Aquifer, Aquifer Breach, Breach, Clearbrook MN, DNR, Enbridge, Line 3


How screwed up is a species that allows the destruction of forests and water bodies for the creation of a tar sands pipeline?
So screwed up they’ll also allow the destruction of the Boundary Waters for a nickel or copper mine?
And so addicted to oil they will allow a CO2 pipeline, full of gas that can kill in minutes, to be built… only so ‘enhanced oil recovery’ can continue… thus further poisoning the atmosphere with carbon?

All this with no accountability for cleaning up our messes?

Interior’s analysis found there are more than 130,000 documented orphaned wells in the United States — far more than the 56,600 tallied in a report by the Interstate Oil & Gas Compact Commission in 2019. Many more wells exist that were drilled before regulators began requiring documentation in the mid-1900s.

The U.S. Environmental Protection Agency estimates that there are more than 3 million total abandoned oil and gas wells. About 2 million of those are estimated to be very old and never properly plugged. The agency believes such wells are responsible for most of the methane emitted from abandoned wells.

U.S. says more than half of states will seek oil well cleanup funds

When will enough be enough?
When we obliterate the very sources of life itself? Clean land, air, and water? When the last fish has been eaten?

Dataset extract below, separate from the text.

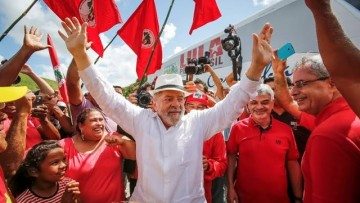Agenda de Lula em Pernambuco é repleta de gestos a Humberto, João Campos e Raquel; confira os detalhes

The last tree culled?

This is how screwed up: Around the world, humans are struggling to survive raging wild fires, flooding, tornados, ice storms… and all these in unexpected places and/ot during atypical times.. Yet, as our systems are failing, we continue… business as usual.

But there is a better way.

The aquifer breach Enbridge created almost a year ago now, is a calamity that should never have happened. Had there been proper oversight by the state agencies, the many problems created in our lands during the building of Enbridge’s new Line 3 might never have occurred. (Enbridge named this new pipeline “Line 93”.)

Remediation Order

If agencies had bothered listening to those of us warning of the dangers, especially of believing Enbridge lies, perhaps they would have denied this project and our trees would still be standing.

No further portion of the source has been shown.